___ RECORDS SUPPLIED
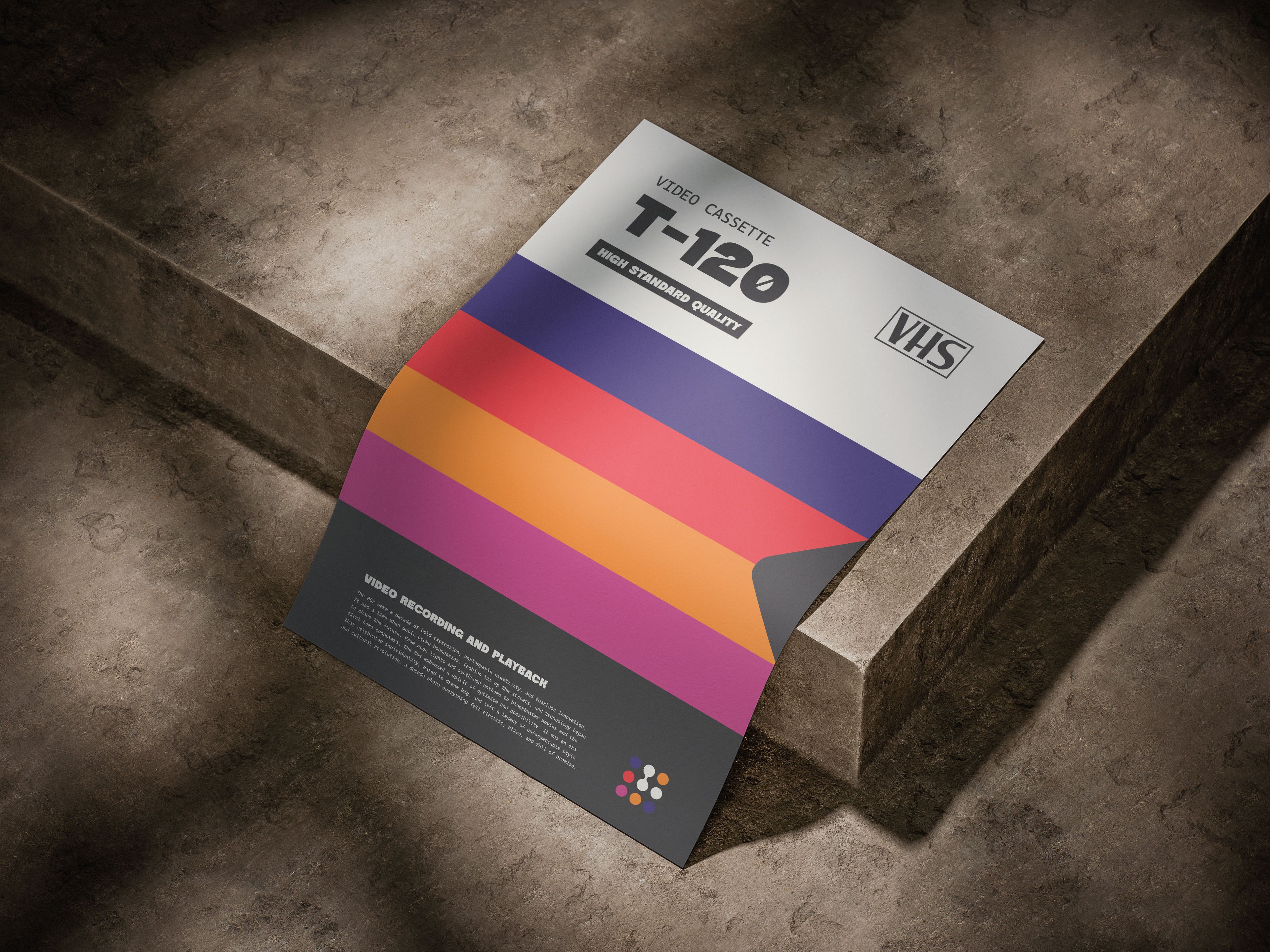 Retro VHS Tape Graphic Print Poster - Vintage 80's Art in 29 Sizes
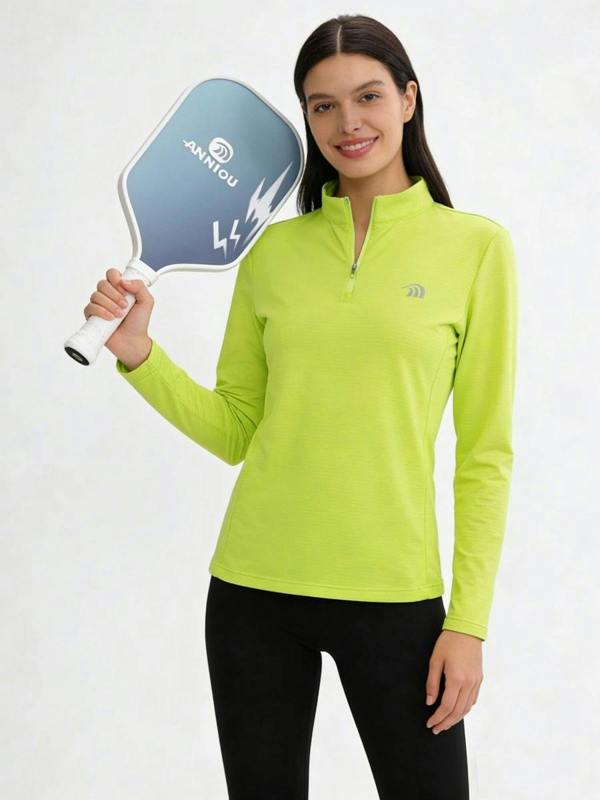 Anniou Antimicrobial Quick-Dry Pickleball Top UPF 50+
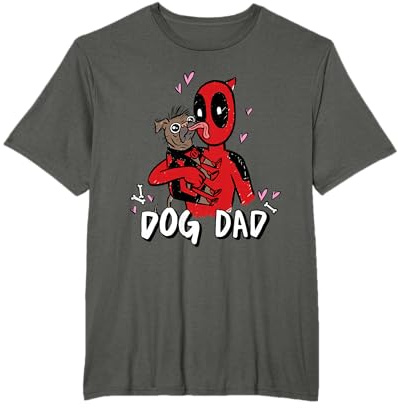 Marvel Super Heroes Pets Deadpool Loves Dogpool Dog Dad T-Shirt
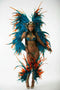 Turquoise / Orange / One Size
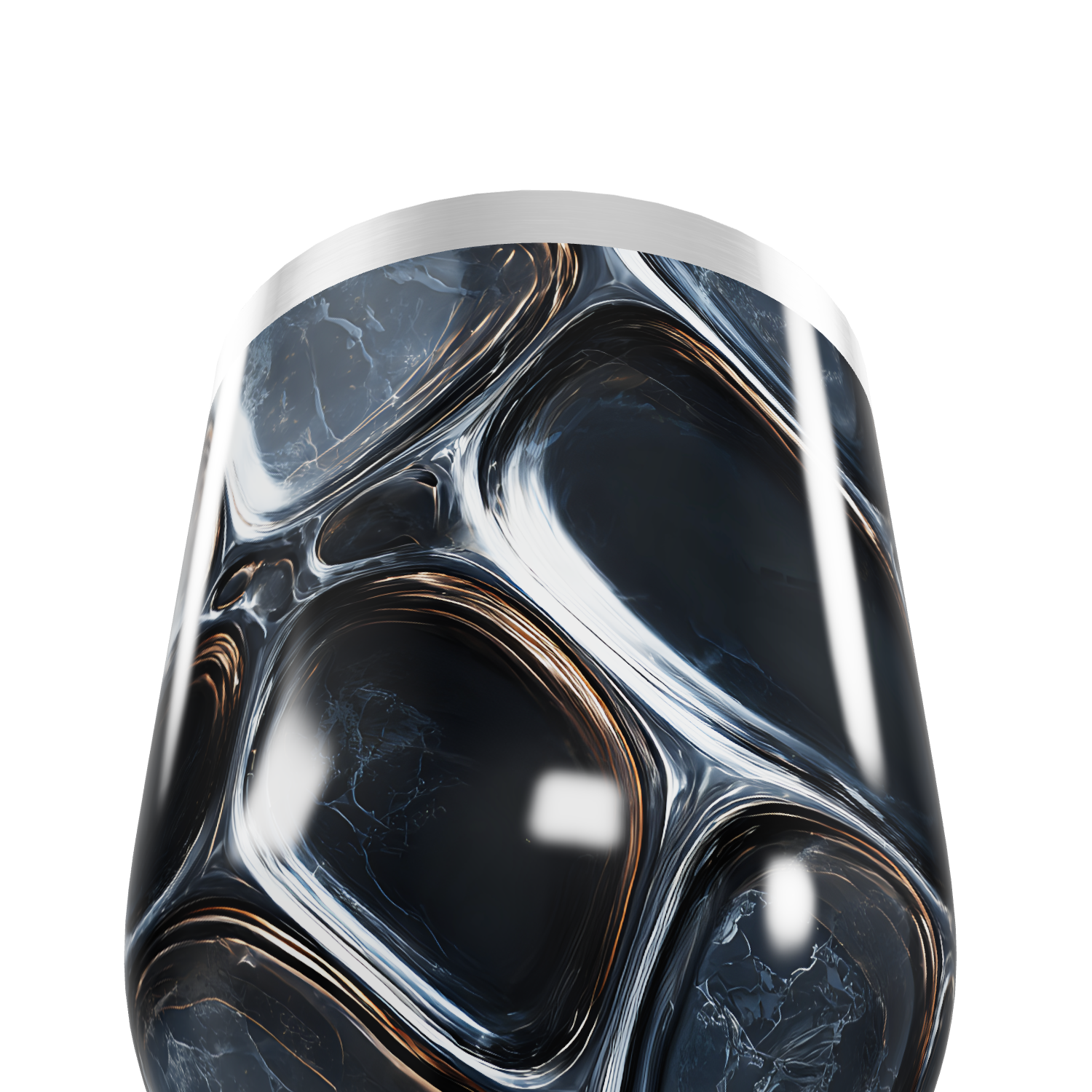 Copo Térmico Slim - Aço Inox Preto Marmorizado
______
WORK ORDER =
Reproduce exactly, and only, the lines from the one containing "Anniou Antimicrobial Quick-Dry" through the last line of the records above, both included, leaving out any pictures.

COMPLETED TASK =
 Anniou Antimicrobial Quick-Dry Pickleball Top UPF 50+
 Marvel Super Heroes Pets Deadpool Loves Dogpool Dog Dad T-Shirt
 Turquoise / Orange / One Size
 Copo Térmico Slim - Aço Inox Preto Marmorizado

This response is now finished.